▶ **AIM OF THE TASK**
Print only the lines below from the one with "スカンクの肖像画 黒と白の動物愛好家 Tシャツ 彼への贈り物" to the one with "7621 Waterscape Dr, Groveland, FL", both included, exactly as they stand. Leave pictures out.

▶ **DATA**
== Segment start ==

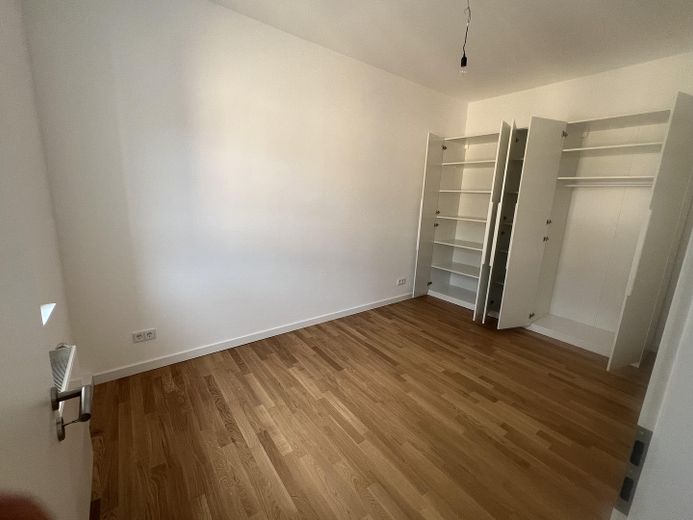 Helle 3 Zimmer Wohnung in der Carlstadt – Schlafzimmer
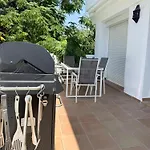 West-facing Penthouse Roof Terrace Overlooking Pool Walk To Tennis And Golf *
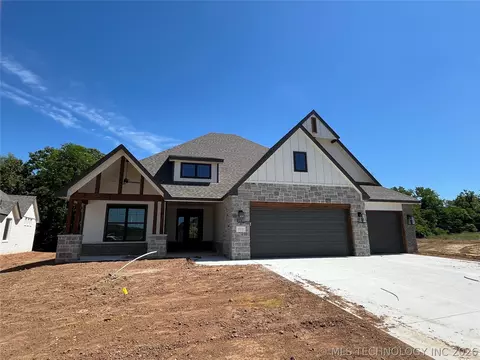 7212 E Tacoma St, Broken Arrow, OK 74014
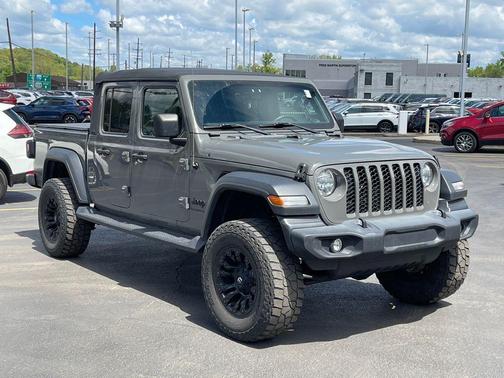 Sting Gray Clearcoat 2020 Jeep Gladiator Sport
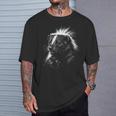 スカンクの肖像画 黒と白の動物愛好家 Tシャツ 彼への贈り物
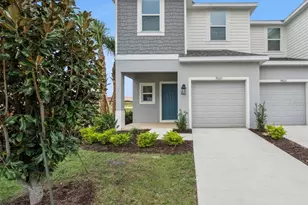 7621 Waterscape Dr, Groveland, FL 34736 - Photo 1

== Segment end ==
== Segment start ==

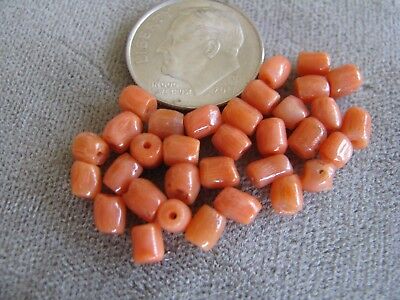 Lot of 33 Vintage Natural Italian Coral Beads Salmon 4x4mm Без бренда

== Segment end ==

▶ **SOLUTION TO THIS TASK**
 スカンクの肖像画 黒と白の動物愛好家 Tシャツ 彼への贈り物
 7621 Waterscape Dr, Groveland, FL 34736 - Photo 1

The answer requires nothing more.